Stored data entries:
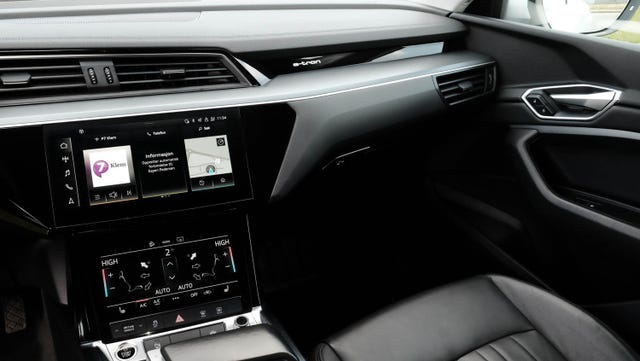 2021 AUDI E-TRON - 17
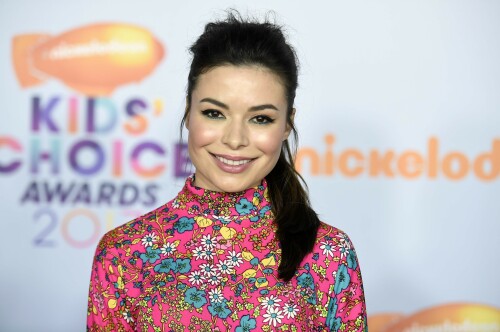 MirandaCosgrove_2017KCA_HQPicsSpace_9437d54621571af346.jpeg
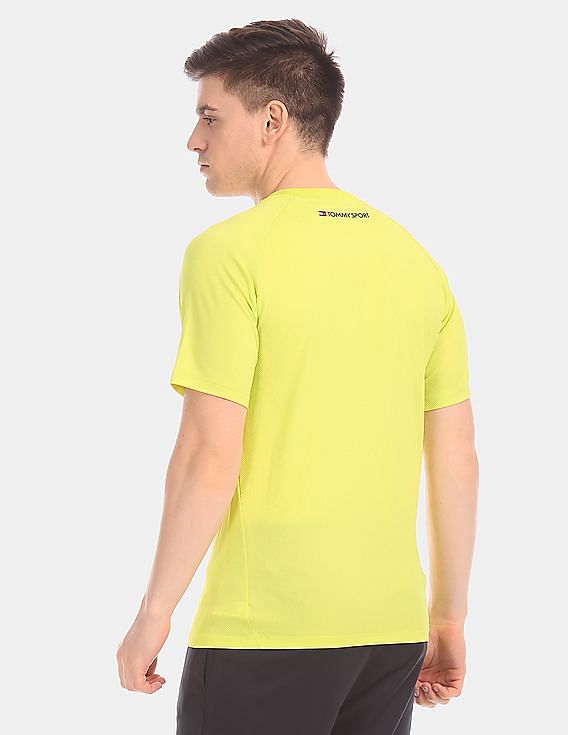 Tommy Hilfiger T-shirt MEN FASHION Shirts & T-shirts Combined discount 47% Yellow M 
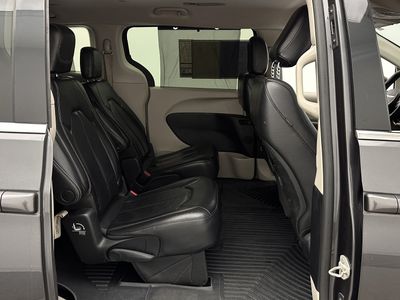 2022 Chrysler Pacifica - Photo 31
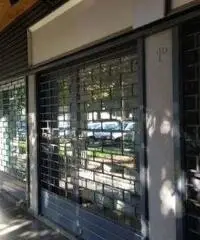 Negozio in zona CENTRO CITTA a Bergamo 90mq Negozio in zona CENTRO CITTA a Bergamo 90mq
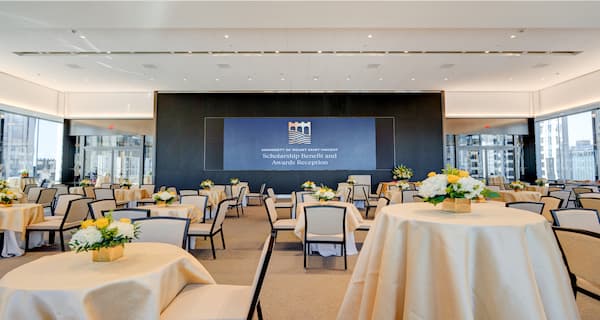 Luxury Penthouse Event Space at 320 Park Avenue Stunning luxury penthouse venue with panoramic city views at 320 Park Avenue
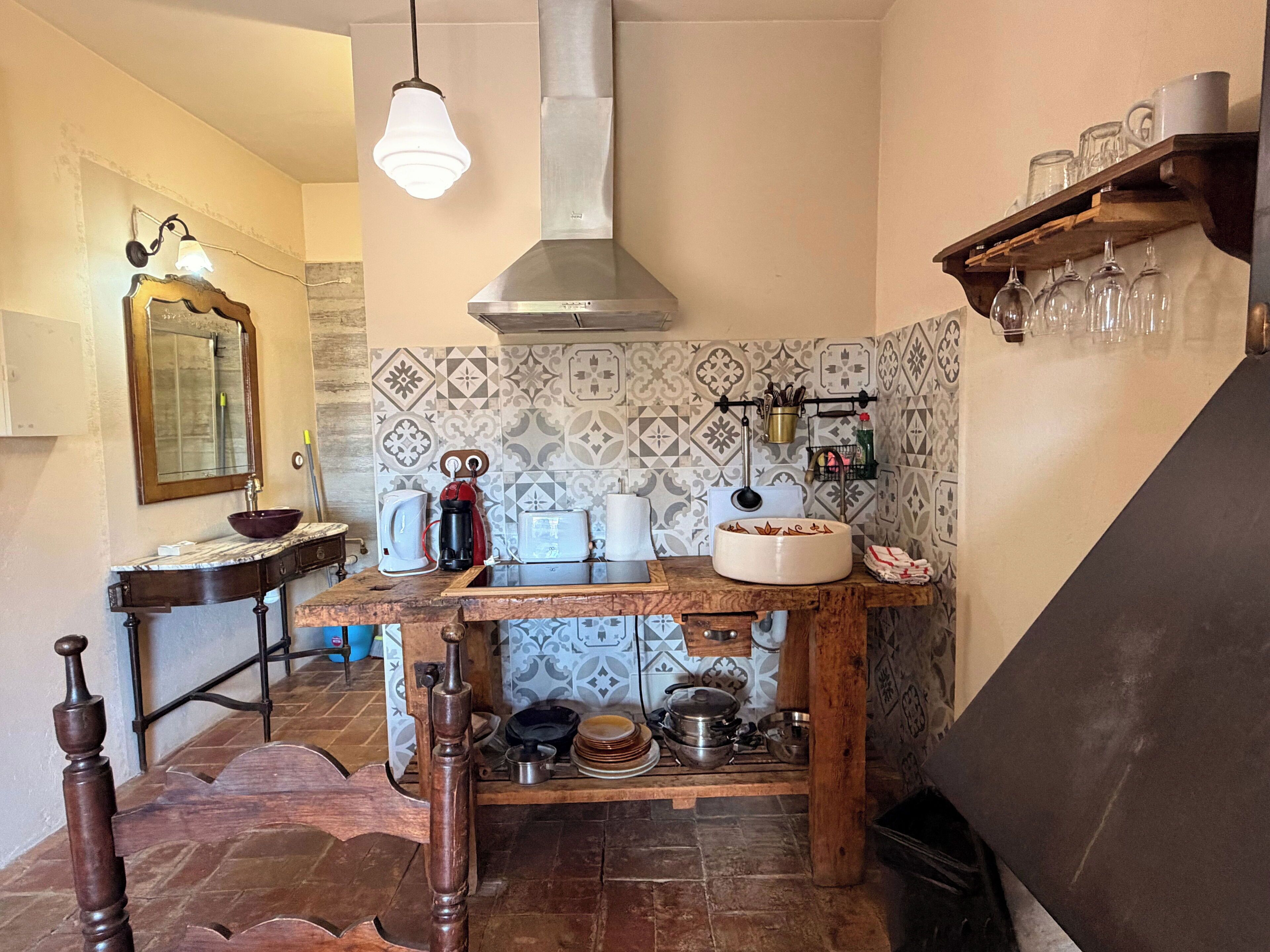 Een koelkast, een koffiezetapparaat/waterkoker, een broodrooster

» **DESCRIPTION OF THE TASK**
The copy should hold exactly the lines from the line containing "2022 Chrysler Pacifica - Photo 31" through the end of the data, both ends included, and no pictures.

» **TASK ANSWER**
 2022 Chrysler Pacifica - Photo 31
 Negozio in zona CENTRO CITTA a Bergamo 90mq Negozio in zona CENTRO CITTA a Bergamo 90mq
 Luxury Penthouse Event Space at 320 Park Avenue Stunning luxury penthouse venue with panoramic city views at 320 Park Avenue
 Een koelkast, een koffiezetapparaat/waterkoker, een broodrooster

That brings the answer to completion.